Sir Alec warned that when the Conservatives came to power they would not make the mistake of making promises they could not fulfil. Their promises would be few but none would be abandoned.
“The only Socialist promise I can recall being kept,” he said, “was one made by George Brown when he said, ‘I am going to run the economy of this country in a way its never been run before’.”
The recent Budget, he claimed, had not inspired and stimulated people but frustrated them to the point of anger. An individual should be given the best possible chance to use his skill and talent.
Individuals should be able to choose their children's type of education and be able to expect to keep a reasonable amount of money from their earnings to give their children a better life than they had themselves.
“Any form of education which inspires uniformity must be dangerous and destructive,” said Sir Alec. “I believe the Socialists have very little idea of the modest wants of the man in the street.
“What right have they to clobber local authorities who are trying to help people buy houses for themselves? Why should the public be asked to suffer the inconvenience and economic loss of wildcat strikes?”

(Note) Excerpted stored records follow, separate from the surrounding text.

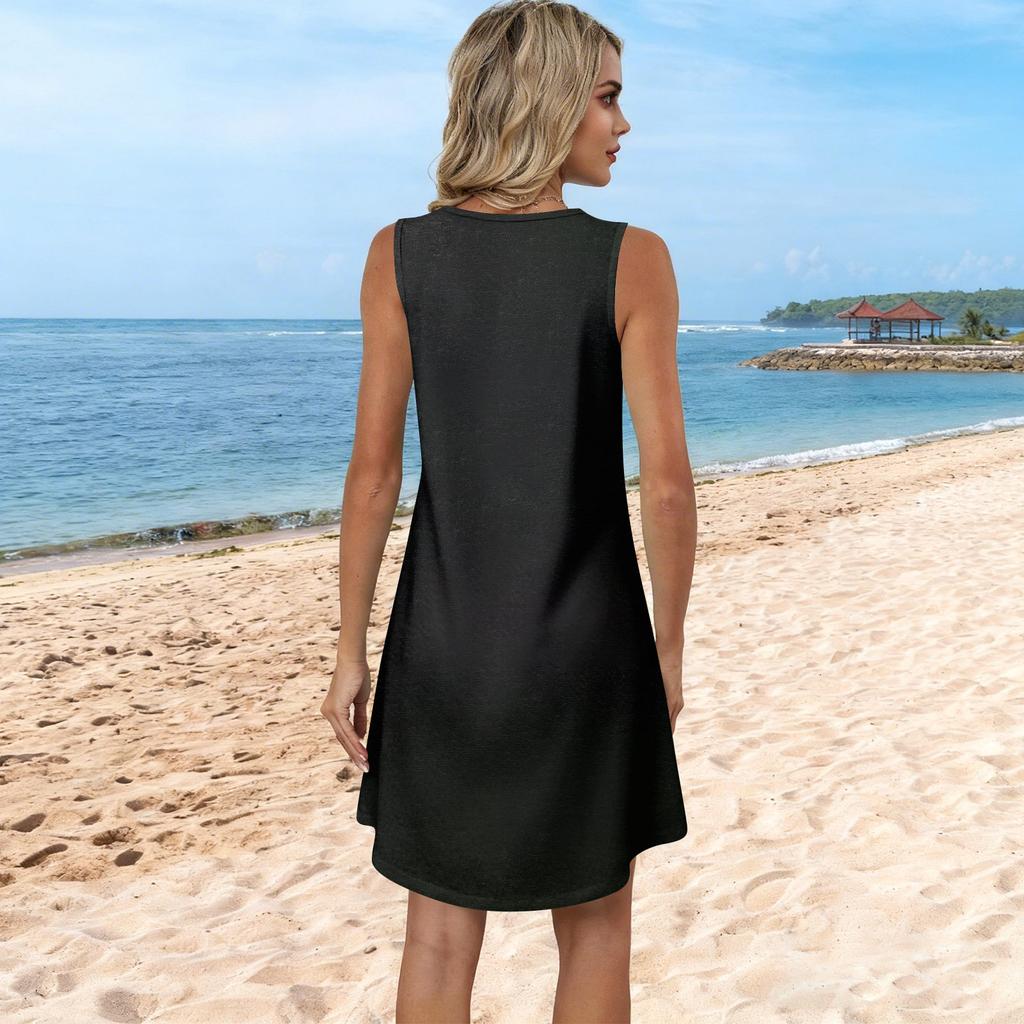 Women's Summer Casual Sun Skirt With Pocket V-Neck Independence Day Printed Loose Vest Dress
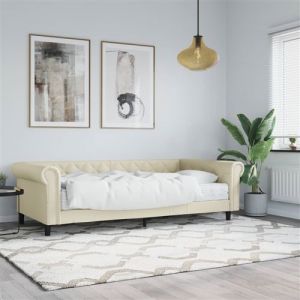 VidaXL Lit de Jour avec Matelas, Canapé-lit, Lit d'Invité, Meuble de Chambre à Coucher Salle de Séjour, Moderne, Crème 90x200 cm Similicuir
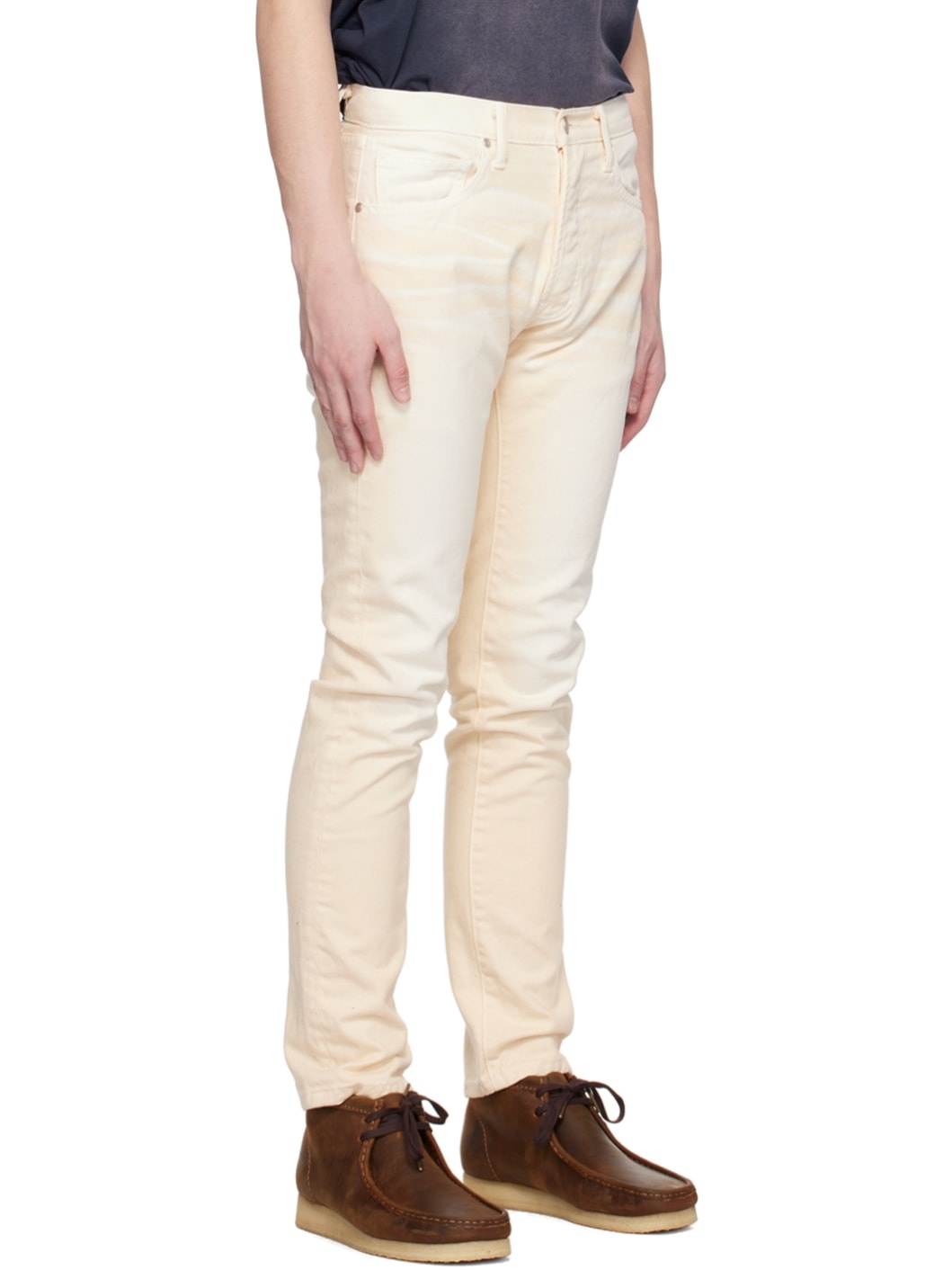 Beige Button-Fly Jeans - 2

These and many other questions had to be asked, he said, but Britain could only be restored by the will of the nation and Government combined.
Sir Alec was thanked by Mrs. Margaret Thatcher, M.P. for Finchley, who talked about Selective Employment Tax.
“You may be interested to know that this year in taxation you have paid eight hundred million pounds,” she said.
“This is more than the present Government expenditure. As S.E.T. takes in six hundred million pounds you could abolish it and still have two hundred million pounds in hand.”
Christ's College, she added, was a first-rate example of the advantages of grammar school education. It served to educate people from all walks of life to the top of the ladder—people from every type of background.
The meeting was chaired by Cr. N. Sapsted.